Civilians are not safe from the brutality of the attacks launched by army elements, and some Sudanese pro-democracy groups rallied to support the army.
A longtime activist for democracy said: ‘We believe that this war erupted due to conflicting interests between the generals on both sides, but we witnessed and experienced widespread humiliation at the hands of the army. We saw them forcing ordinary citizens to evacuate their properties and load them onto trucks.’
Among the participants in the army’s fighting are outcast figures and prisoners, and the army has also relied on former military leaders from the al-Bashir regime who followed the Muslim Brotherhood‘s approach.
These groups do not hide their support for the army and its leadership. The fight against the Rapid Support Forces has led to the unification of pro-democracy and opposition groups, and these opposition forces support the government dominated by Islamists, represented by First Lieutenant General Abdel Fattah Al-Burhan and the former dictator Omar al-Bashir.

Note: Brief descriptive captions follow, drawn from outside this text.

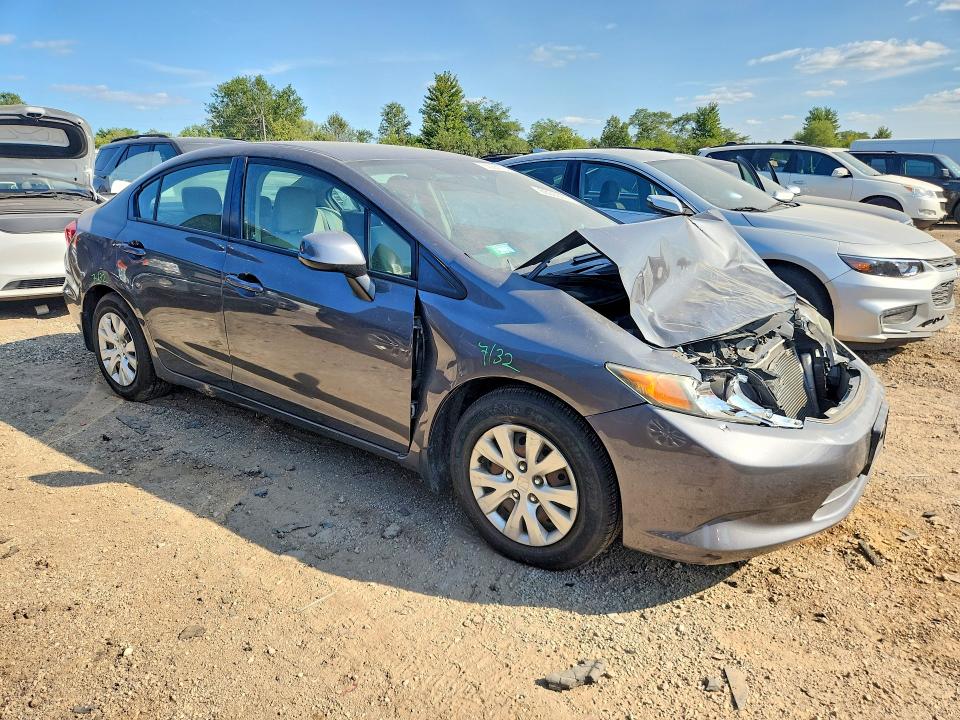 Photo 4 from auction – 2012 HONDA CIVIC with VIN 19XFB2F57CE025363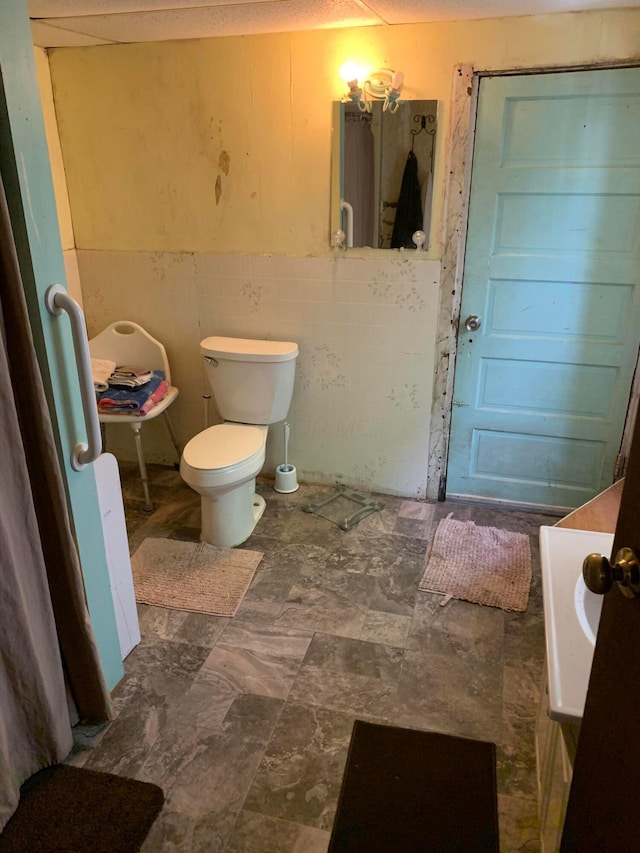 167 Fountain St, Logan, OH 43138 - bathroom with vanity and toilet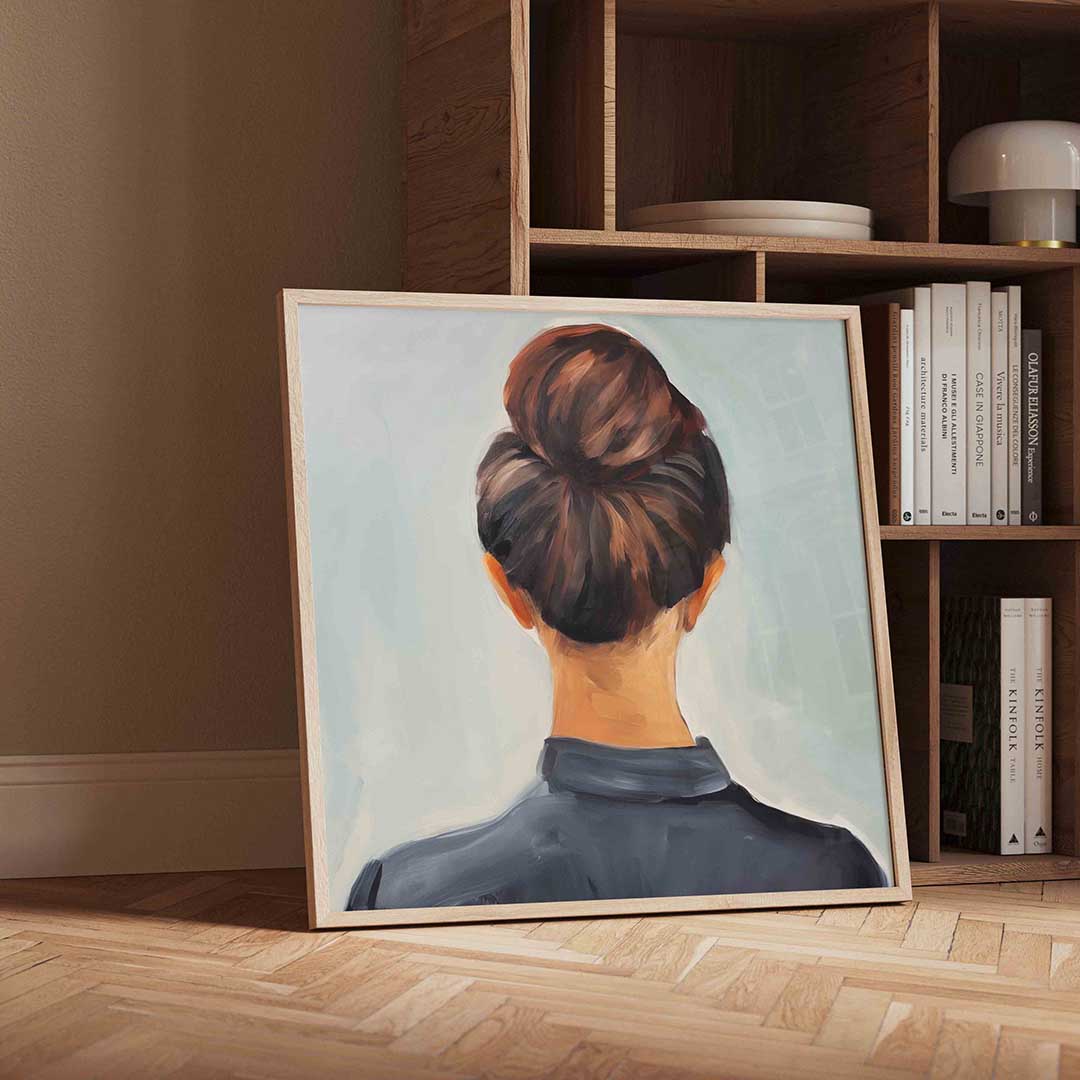 Vrouw met knot – vierkante portret wanddecoratie van WallArtistic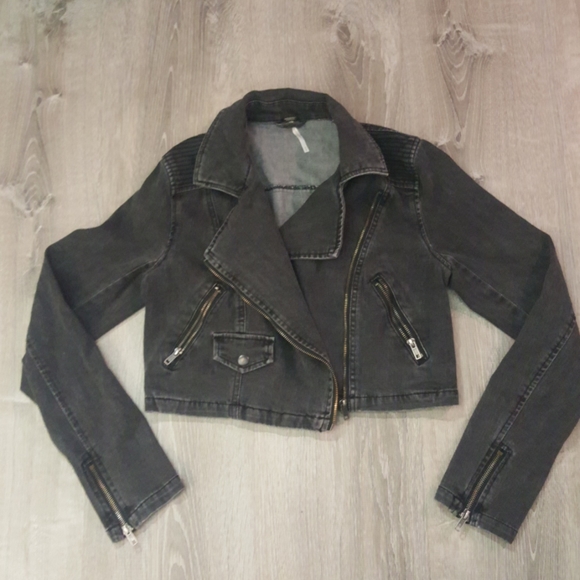 Free People Jackets & Blazers - Free People sz M slate denim moto jacket EUC!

Al-Burhan called on the Sudanese people to participate in confronting the Rapid Support, which he declared had become a rebel militia. As for Hemeti, he has been keen on recruiting fighters from his native region of Darfur and from the northern Sahel region to strengthen his ranks in the face of the heavily armed army.
The army’s supporters have described the Rapid Support Forces as “foreign militias” because Hemeti recruited fighters from Chad and Niger, insisting that their fight is a national duty.
A coalition of pro-democracy groups in Khartoum said in a statement: ‘We are still against the old regime.’